To get the energy we need and to face our daily responsibilities, we need about eight hours of sleep on average. This means that we sleep for almost a third of our life!

Sleep can bring significant benefits to our mental and physical health. In particular, it can improve our quality of life, reduce stress and anxiety levels and, in turn, help us keep our heart rate and blood pressure low.
In addition, it has been shown to help us maintain our weight, improve our metabolism and reduce the risk of developing diabetes.

But how can we ensure a good quality of our sleep?
The secrets of sleeping well

1. Quality mattress
It may sound simple, but it’s true: a good mattress is the first and perhaps the most important step in ensuring a quality sleep. For this reason we must pay special attention to the choice of our mattress. One of the first things to look out for is to provide us with adequate support for the body and especially the spine, to adjust and follow the body’s natural curves and to provide a pleasant feeling of rest and relaxation. In addition, it must be made of materials that are certified to ensure proper hygiene.

2. Fixed bedtime
A steady sleeping schedule, even on weekends, helps our biological clock recognize the hours of rest.

3. Don’t be pressed to sleep
It’s advisable to lie down to sleep when we are really sleepy, avoiding to force ourselves to sleep.
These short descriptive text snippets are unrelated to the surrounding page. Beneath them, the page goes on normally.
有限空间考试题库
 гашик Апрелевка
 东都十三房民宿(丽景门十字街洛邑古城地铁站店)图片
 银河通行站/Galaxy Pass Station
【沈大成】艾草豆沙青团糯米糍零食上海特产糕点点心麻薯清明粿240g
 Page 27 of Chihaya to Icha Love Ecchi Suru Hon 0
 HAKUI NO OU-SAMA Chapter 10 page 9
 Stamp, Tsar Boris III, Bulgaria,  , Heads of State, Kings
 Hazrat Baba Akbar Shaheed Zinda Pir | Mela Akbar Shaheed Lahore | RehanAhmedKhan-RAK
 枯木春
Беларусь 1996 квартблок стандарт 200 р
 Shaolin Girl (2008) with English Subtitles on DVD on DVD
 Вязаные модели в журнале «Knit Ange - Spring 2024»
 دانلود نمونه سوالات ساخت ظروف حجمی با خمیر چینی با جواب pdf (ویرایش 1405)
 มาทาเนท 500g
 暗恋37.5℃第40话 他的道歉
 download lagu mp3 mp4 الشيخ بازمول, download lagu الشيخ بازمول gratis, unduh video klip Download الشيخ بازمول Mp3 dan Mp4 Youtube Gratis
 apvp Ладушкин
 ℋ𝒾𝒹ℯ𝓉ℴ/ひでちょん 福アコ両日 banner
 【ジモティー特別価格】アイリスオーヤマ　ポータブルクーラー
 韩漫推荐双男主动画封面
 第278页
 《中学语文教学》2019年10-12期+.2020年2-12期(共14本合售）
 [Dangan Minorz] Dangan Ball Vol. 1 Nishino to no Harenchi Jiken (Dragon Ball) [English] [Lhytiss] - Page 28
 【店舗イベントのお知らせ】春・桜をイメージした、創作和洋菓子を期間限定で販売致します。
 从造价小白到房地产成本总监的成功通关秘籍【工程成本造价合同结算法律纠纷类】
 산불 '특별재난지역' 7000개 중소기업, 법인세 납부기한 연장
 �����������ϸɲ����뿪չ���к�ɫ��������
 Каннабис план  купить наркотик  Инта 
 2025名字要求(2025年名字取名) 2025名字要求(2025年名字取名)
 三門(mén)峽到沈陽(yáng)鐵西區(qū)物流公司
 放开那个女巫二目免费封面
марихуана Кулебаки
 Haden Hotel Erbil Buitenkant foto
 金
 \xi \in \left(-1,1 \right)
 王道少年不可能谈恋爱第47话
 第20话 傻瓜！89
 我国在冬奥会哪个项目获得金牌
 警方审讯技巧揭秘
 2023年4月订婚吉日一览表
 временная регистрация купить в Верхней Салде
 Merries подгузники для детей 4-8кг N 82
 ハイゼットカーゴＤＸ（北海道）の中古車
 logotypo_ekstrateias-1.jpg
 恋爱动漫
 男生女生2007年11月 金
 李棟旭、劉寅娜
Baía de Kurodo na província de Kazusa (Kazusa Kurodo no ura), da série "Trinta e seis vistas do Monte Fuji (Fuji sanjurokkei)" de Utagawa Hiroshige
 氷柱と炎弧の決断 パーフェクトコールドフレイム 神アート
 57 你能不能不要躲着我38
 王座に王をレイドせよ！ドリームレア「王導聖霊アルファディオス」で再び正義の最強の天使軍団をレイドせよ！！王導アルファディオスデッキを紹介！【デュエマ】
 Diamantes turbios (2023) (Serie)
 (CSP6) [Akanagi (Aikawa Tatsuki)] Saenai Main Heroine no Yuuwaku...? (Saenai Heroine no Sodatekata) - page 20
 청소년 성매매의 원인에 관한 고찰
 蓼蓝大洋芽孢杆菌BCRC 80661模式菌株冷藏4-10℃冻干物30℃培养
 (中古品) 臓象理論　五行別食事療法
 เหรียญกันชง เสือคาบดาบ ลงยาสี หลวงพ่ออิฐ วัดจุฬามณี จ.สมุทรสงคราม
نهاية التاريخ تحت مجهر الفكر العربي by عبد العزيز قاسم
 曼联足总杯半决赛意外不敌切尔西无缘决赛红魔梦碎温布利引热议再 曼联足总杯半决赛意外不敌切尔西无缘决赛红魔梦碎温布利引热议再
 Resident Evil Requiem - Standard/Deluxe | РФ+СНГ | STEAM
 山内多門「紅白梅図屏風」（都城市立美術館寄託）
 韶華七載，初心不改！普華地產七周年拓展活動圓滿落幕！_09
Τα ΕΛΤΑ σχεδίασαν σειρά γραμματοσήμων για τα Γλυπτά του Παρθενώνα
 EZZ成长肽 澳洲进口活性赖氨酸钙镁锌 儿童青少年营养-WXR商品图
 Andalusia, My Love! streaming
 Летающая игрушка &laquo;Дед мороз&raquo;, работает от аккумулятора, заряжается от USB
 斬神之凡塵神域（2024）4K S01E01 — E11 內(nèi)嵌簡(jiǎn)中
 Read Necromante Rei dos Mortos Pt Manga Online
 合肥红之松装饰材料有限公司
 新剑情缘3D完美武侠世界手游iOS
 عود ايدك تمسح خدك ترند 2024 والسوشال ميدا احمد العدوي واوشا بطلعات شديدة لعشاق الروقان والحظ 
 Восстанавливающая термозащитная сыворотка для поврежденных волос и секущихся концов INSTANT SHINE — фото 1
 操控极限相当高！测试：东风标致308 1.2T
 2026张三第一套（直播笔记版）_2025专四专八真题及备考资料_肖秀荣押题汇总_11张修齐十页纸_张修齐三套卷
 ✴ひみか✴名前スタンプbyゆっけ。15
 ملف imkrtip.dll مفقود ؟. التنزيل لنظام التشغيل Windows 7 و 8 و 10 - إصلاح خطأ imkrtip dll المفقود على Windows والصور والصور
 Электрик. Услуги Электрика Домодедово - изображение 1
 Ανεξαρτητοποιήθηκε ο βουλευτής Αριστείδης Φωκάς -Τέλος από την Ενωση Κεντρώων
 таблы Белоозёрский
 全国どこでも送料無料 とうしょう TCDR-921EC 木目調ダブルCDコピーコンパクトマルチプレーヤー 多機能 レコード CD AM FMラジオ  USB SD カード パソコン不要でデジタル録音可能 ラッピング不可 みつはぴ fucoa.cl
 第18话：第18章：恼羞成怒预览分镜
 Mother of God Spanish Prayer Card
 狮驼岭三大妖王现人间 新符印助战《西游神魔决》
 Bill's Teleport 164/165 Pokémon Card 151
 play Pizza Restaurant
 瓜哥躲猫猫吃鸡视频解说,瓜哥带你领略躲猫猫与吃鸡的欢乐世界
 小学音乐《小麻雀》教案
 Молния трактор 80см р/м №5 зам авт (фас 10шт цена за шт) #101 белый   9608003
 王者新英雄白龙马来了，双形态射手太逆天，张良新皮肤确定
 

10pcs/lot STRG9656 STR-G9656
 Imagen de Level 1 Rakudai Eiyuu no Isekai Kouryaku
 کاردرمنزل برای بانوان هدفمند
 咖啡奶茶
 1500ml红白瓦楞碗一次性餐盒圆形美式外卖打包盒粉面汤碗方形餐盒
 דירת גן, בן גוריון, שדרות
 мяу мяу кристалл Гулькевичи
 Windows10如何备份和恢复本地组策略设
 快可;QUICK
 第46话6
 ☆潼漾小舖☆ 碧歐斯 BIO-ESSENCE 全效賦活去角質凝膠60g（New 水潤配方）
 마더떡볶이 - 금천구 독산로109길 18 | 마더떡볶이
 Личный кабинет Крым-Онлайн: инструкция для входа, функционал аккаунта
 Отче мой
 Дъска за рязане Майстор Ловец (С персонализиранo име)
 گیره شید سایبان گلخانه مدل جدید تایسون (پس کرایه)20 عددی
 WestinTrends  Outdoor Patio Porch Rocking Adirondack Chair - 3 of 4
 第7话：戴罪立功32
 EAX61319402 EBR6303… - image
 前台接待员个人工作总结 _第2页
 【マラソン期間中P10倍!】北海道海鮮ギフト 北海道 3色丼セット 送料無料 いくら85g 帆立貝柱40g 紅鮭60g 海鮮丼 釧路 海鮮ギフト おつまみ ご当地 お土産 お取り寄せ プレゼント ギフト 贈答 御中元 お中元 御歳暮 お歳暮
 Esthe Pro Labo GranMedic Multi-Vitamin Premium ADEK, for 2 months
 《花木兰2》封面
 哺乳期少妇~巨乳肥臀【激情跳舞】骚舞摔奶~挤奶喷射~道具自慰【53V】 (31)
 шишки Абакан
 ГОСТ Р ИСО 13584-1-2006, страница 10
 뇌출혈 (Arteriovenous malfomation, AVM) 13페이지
In addition, hypnotic drugs usually disrupt our sleep over time.

4. Sleep routine
By instituting a “sleep routine”, such as a lukewarm shower, a glass of milk, a book or our favorite music, the body realizes that it’s time to sleep.

5. Proper nutrition
From the afternoon onwards we prefer smaller meals and drinks, avoiding caffeine and alcohol.

6. Bedroom care
It’s very important that the room be low light, cool, quiet and properly ventilated. If you choose to have scarce furniture and limited electrical appliances, the atmosphere is ideal.

7. Exercise
Exercise more than once a week improves sleep quality, while the best time for a workout is at least 3-4 hours before bedtime.

8. Not in the strong emotions
Action movies, unpleasant conversations or other situations that create strong and / or negative emotions are capable of greatly affecting the quality of our sleep.

9. Not in the cigarette
Smoking at night, in particular nicotine, which is a stimulant, increases the likelihood of insomnia and affects our sleep schedule.